Tuesday, April 08, 2008
Our bike ride takes us past ranches and farmland. The farmers have been out plowing the fields, preparing them for the crops they hope to grow. However, we have had such a severe drought here it is hard to imagine how anything will grow. The soil looks rich and dark - ready to accept the little seeds that contain the potential for life, but the farmers say that if we don't get rain there is little point in putting those seeds into the ground. So the land waits...
There are no beneficial plants growing in those fields, but I noticed today that the weeds are flourishing. They don't seem bothered by the lack of rain. They are ready to take over the whole area.
It got me thinking about my life - my heart to be more specific. I imagined the weeds as those besetting sins, those pesky "little" sins that so easily trip me up and take up residence in my heart. Those selfish thoughts that come so quickly, the ungodly thoughts, the pride, the over-eating, the mismanagement of my time.... They seem to grow with no effort at all on my part. All they need is the right soil and up they pop.
On the other hand, if I want my heart to be filled with the things that the Lord has for me it will take some effort.

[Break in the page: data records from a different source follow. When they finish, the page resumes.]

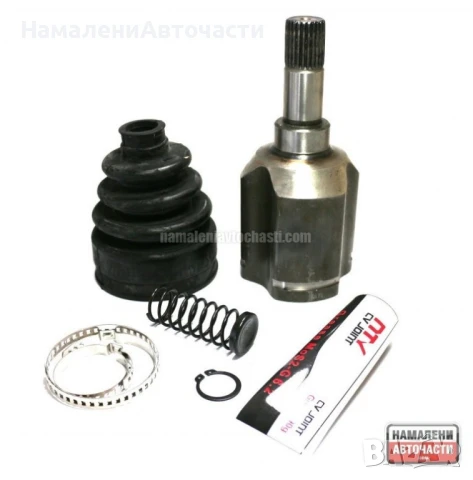 Ляво вътрешно каре CH513 NPWCH005 Chrysler Dodge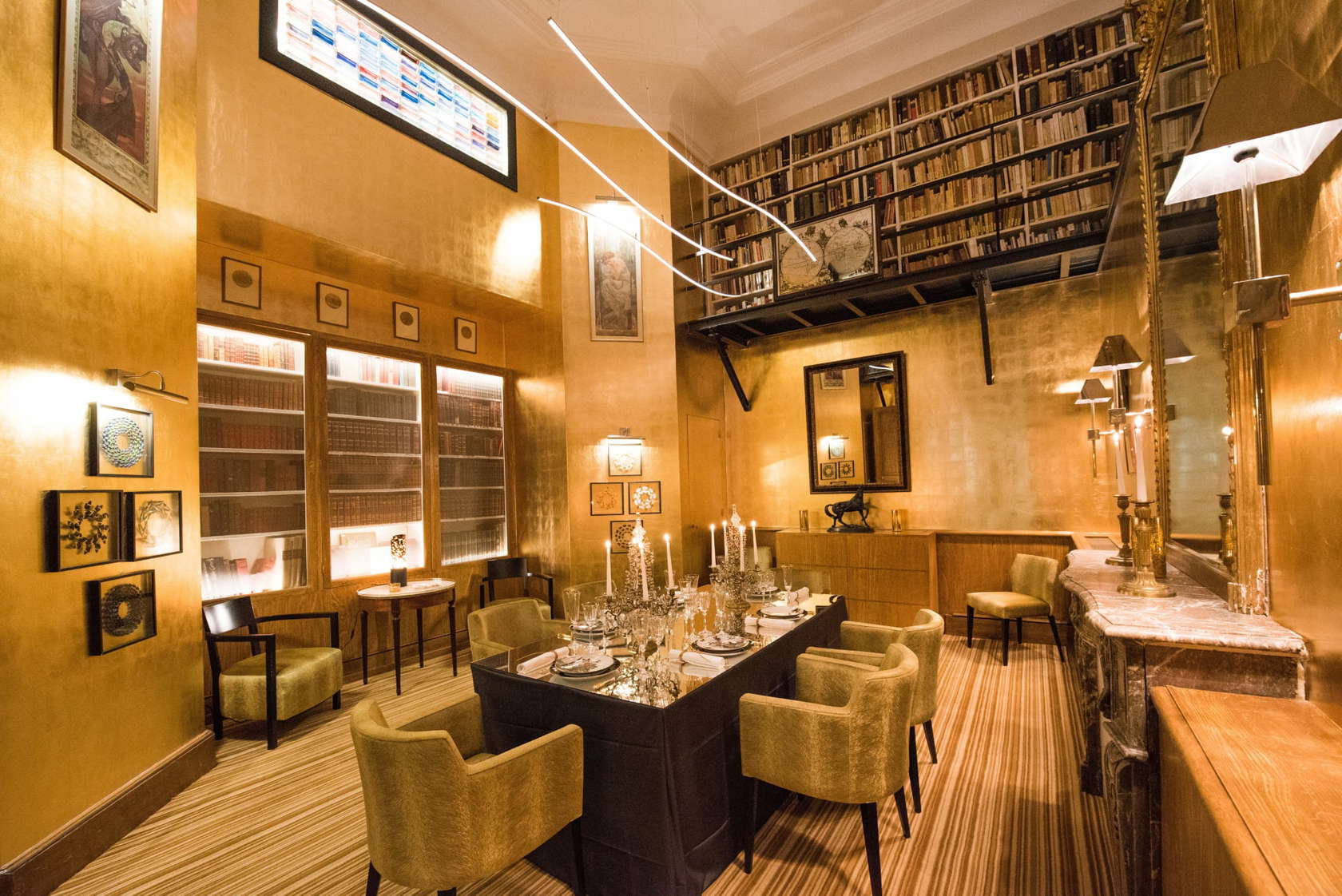 Hôtel Le Marois – France Amériques - Photo 5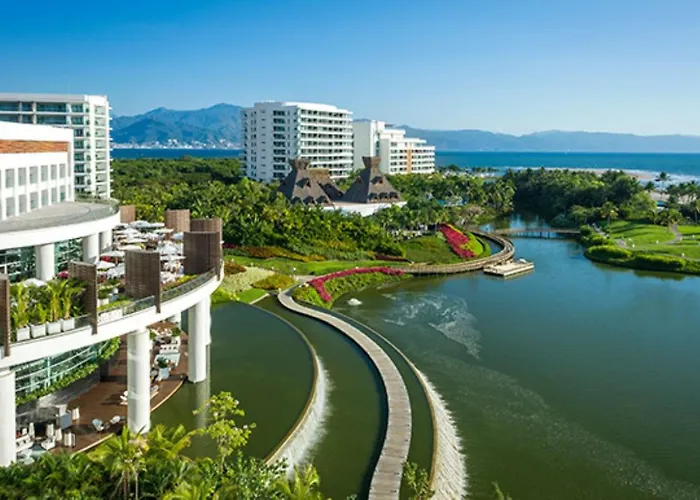 Aparthotel Vidanta World Puerto Vallarta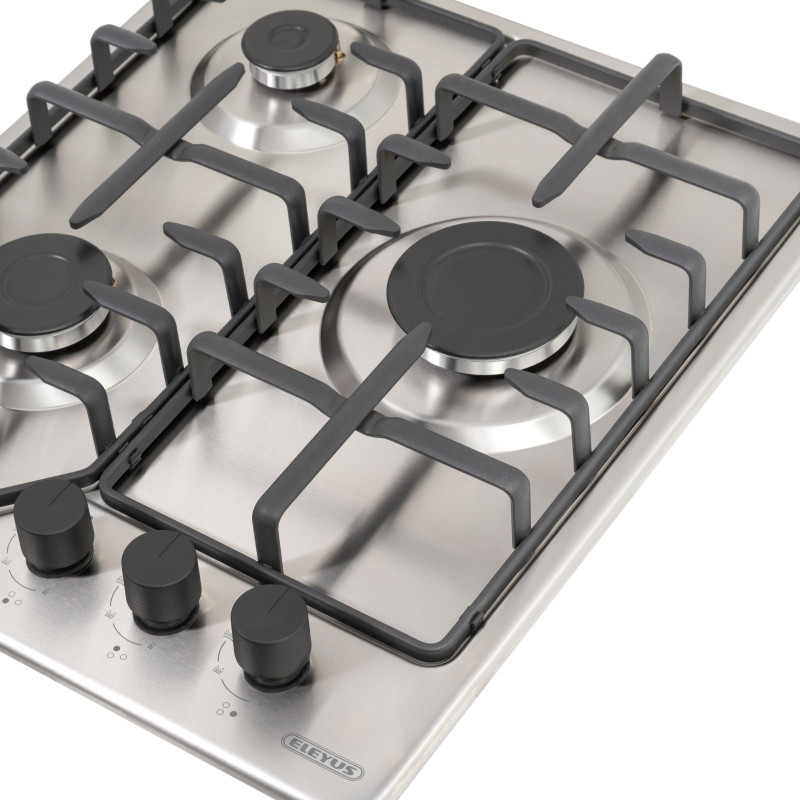 Варильна поверхня ELEYUS MAGENTA 45 IS EF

They will not just automatically grow. I believe the Lord gently places the seeds in my heart and then it is my part to water them with time spent in prayer and in the word; time spent drawing close to Him so they will flourish and grow. I must allow the gentle wind of the Spirit to come and bring with it life-giving nourishment. I must also be diligent to keep after those "weeds" that want to choke the life out of the good things growing there.
When I do those things, I will find a beautiful bouquet of love, joy, peace, patience, kindness, goodness, faithfulness, gentleness and self-control (Gal. 5:22,23) flourishing in my heart.